▶ [Data below]
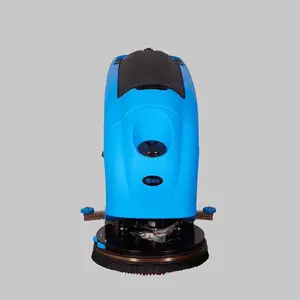 ����������ƺ������ʽϴ�ػ� ����˹L520B��ҵ���綯�ϵػ�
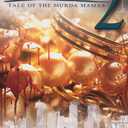 The Cartel 2: Tale of the Murda Mamas
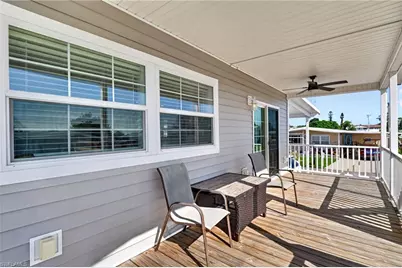 14729 Constitution Way, North Fort Myers, FL 33917 - Photo 33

▶ [Your objective] Ignoring the pictures, write out word for word the lines from the line containing "The Cartel 2: Tale of the Murda Mamas" through the end of the material above.

▶ [Solution below]
 The Cartel 2: Tale of the Murda Mamas
 14729 Constitution Way, North Fort Myers, FL 33917 - Photo 33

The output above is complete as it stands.